▶ **EXCERPTED RECORDS**
■ ■ ■

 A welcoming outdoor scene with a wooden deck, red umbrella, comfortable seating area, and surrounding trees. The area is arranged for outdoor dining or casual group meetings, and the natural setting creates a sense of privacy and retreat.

■ ■ ■

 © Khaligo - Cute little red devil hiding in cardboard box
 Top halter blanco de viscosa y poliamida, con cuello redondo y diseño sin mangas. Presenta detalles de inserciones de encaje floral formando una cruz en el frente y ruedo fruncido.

■ ■ ■

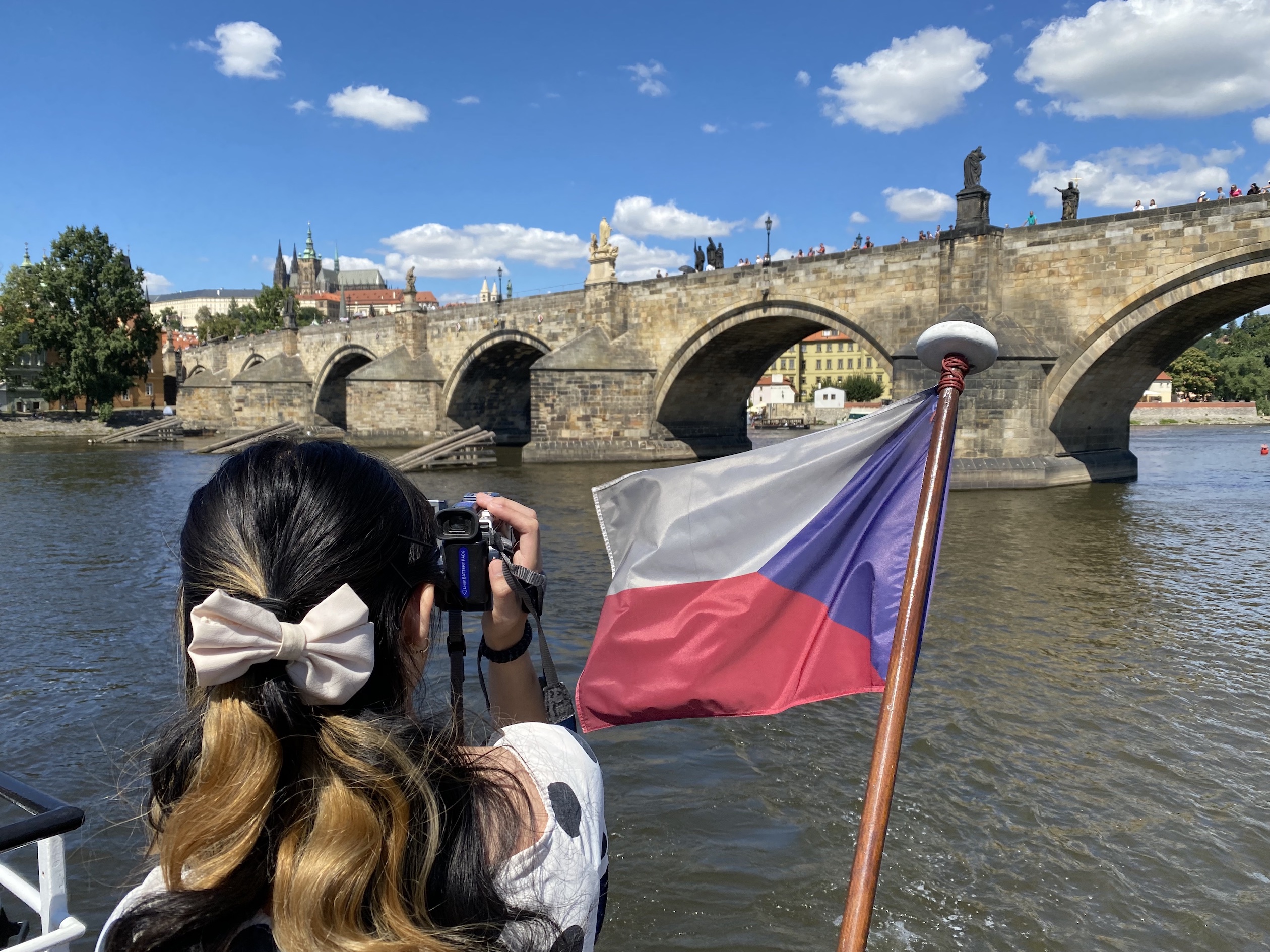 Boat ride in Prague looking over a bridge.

■ ■ ■

▶ **ASSIGNMENT**
Could you set down, exactly as written, the lines above between the one holding "in cardboard box" and the one holding "Top halter blanco", inclusive, and nothing more?

▶ **REPLY**
 © Khaligo - Cute little red devil hiding in cardboard box
 Top halter blanco de viscosa y poliamida, con cuello redondo y diseño sin mangas. Presenta detalles de inserciones de encaje floral formando una cruz en el frente y ruedo fruncido.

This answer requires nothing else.